Financial Health and Stability
A deeper look into NSA’s financials reveals a mix of positives and negatives.
- Revenue in the last twelve months was reported at $754 million, but quarterly revenue has dropped by 15% compared to the previous year.
- Profit margins remain positive at 14.78%, meaning the company is still generating earnings, but at a much lower rate.
- NSA reported $363 million in operating cash flow, showing that cash generation remains strong despite declining revenues.
- The debt load is significant, standing at $3.47 billion. With a debt-to-equity ratio of nearly 200%, NSA is highly leveraged, which could create challenges in refinancing or handling future interest rate hikes.
While the company remains profitable, declining revenues and high debt levels could pose a threat to its long-term financial health, especially if economic conditions worsen.
Valuation and Stock Performance
NSA’s stock has been under pressure, currently trading near its 52-week low of $34.58 and well below its 52-week high of $49.44.

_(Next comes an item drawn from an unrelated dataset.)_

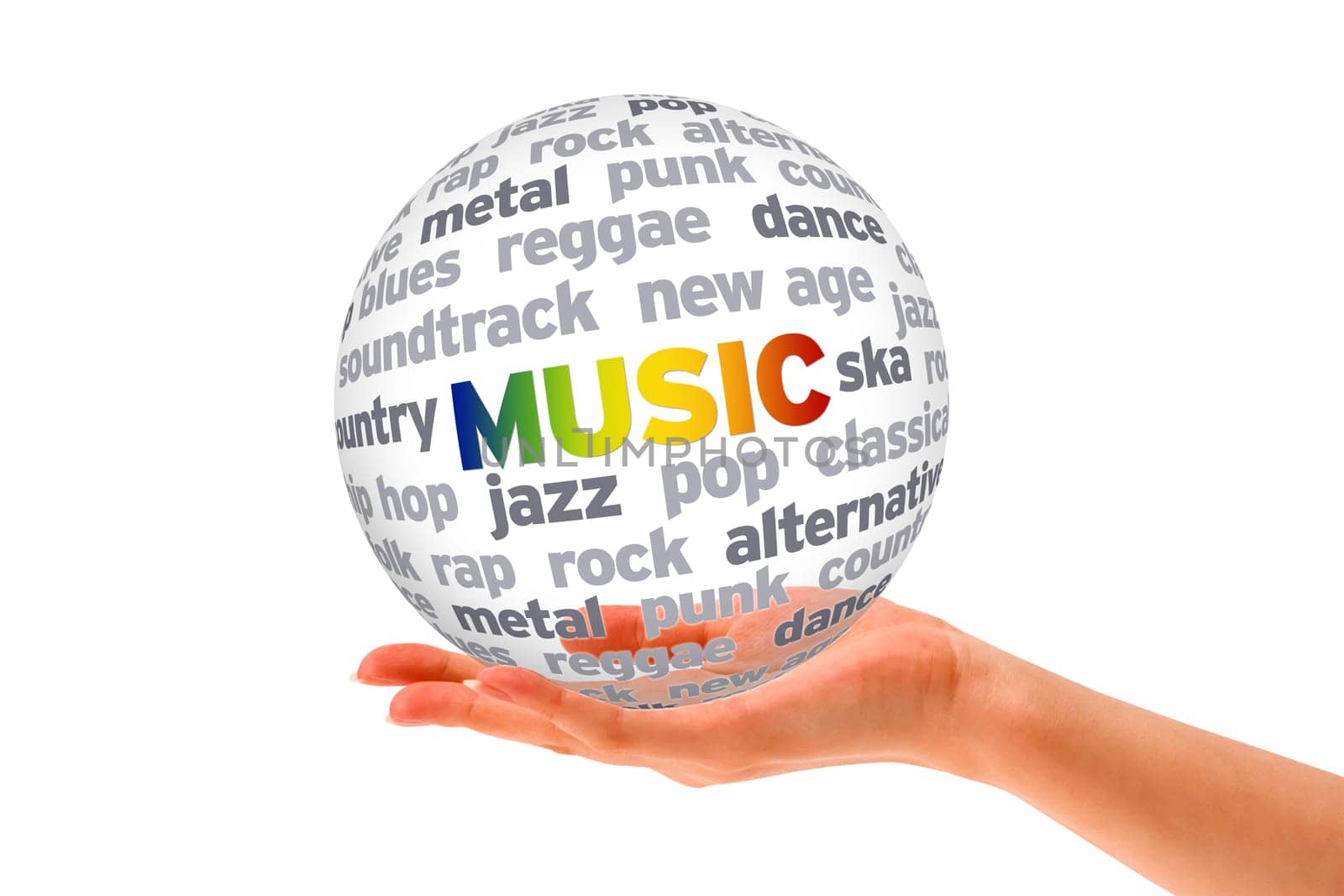 Hand holding a 3d Music Sphere on white background.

- The stock’s trailing price-to-earnings (P/E) ratio is 33.55x, which is relatively high for a REIT, indicating a premium valuation.

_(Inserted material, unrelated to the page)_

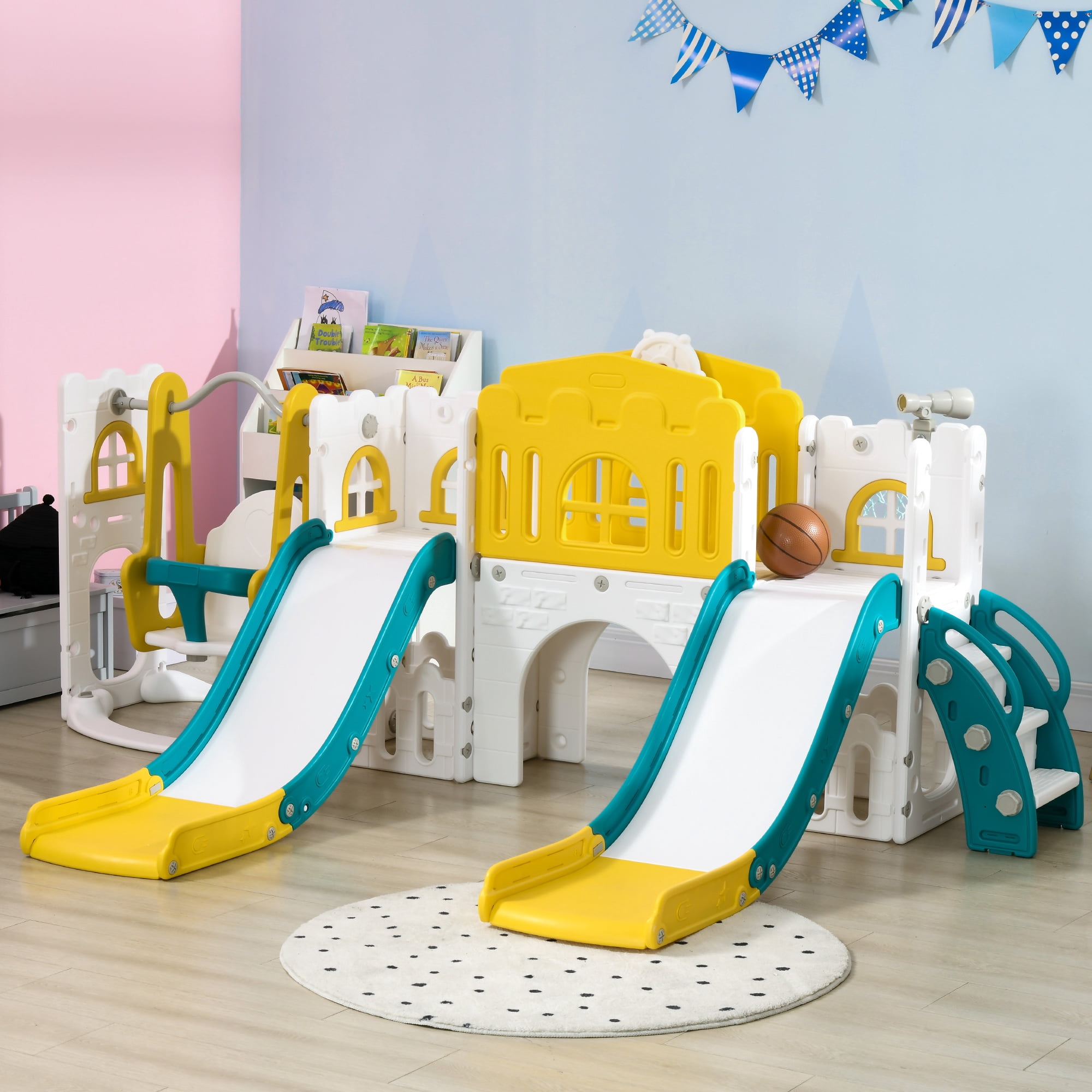 8-in-1 Toddler Swing Slide Playset with Double Slides Crawl Tunnel Basketball Hoop Telescope, HDPE Indoor Kids Playground Max 66 LBS for Ages 1-3 Home Play Center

- The forward P/E is even more concerning at 83.33x, suggesting that earnings expectations are weak moving forward.
- The price-to-book ratio is 4.11x, indicating that the stock is trading at a premium relative to its assets.
NSA’s 50-day moving average sits at $37.60, while the 200-day moving average is $41.71. The fact that the stock is trading below both suggests a bearish trend.
There’s also a decent amount of short interest, with nearly 6.88% of the float being shorted. This indicates that some investors are betting against NSA’s stock price recovering in the near future.
Risks and Considerations
1️⃣ Dividend Sustainability – The payout ratio is far above sustainable levels, making a future dividend cut a real possibility.
2️⃣ Revenue Decline – A 15% year-over-year drop in revenue raises concerns about future earnings potential.
3️⃣ High Debt Burden – With a debt-to-equity ratio nearing 200%, the company has little financial flexibility.
4️⃣ Rising Competition – The self-storage industry is becoming increasingly competitive, which could limit NSA’s ability to raise rents or expand profitably.
5️⃣ Stock Price Weakness – NSA is trading near its lows, and without strong financial improvements, it may struggle to recover.
Final Thoughts
NSA is a classic case of a high-yield REIT that looks attractive on the surface but carries significant risks beneath the hood. The company has a strong history of dividend growth, but with a payout ratio exceeding 190% and revenue declines, its ability to maintain its current dividend level is questionable.
For investors focused on income, NSA still offers a solid yield, but it comes with trade-offs. If the company can stabilize its revenue and improve cash flow, it may continue providing value. However, if current trends persist, investors may face a dividend cut or prolonged stock weakness.
The next few quarters will be crucial in determining whether NSA can navigate its financial pressures while keeping its dividend intact.